*** Begin section ***

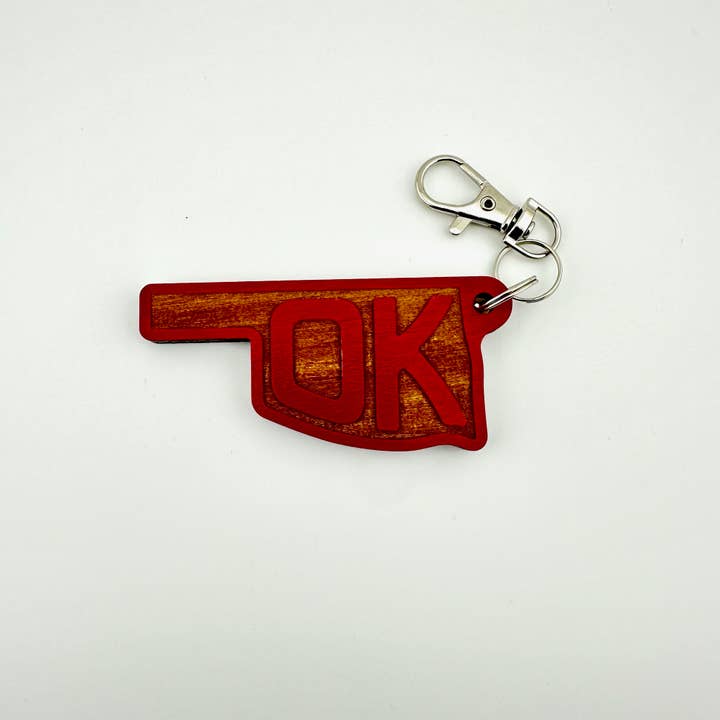 Stone Lion Engraving - Wholesale Keychain - Unisex - Oklahoma Wooden Keychains – Dusty Colors - Pack of 125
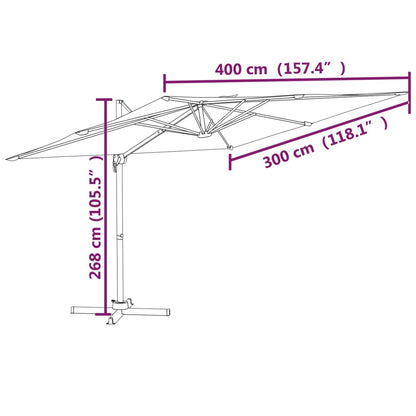 Zweefparasol met LED-verlichting 400x300 cm zandwit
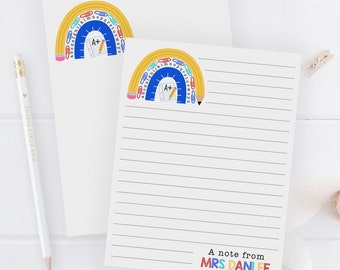 Teacher Notepad Personalized Teacher Appreciation Gift | Custom Teacher Notepad, End of School Teacher Gift, Back to School Memo Pad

*** End section ***

TASK: Once the pictures are set aside, please output all the data word for word.

RESULT OF THE TASK:
 Stone Lion Engraving - Wholesale Keychain - Unisex - Oklahoma Wooden Keychains – Dusty Colors - Pack of 125
 Zweefparasol met LED-verlichting 400x300 cm zandwit
 Teacher Notepad Personalized Teacher Appreciation Gift | Custom Teacher Notepad, End of School Teacher Gift, Back to School Memo Pad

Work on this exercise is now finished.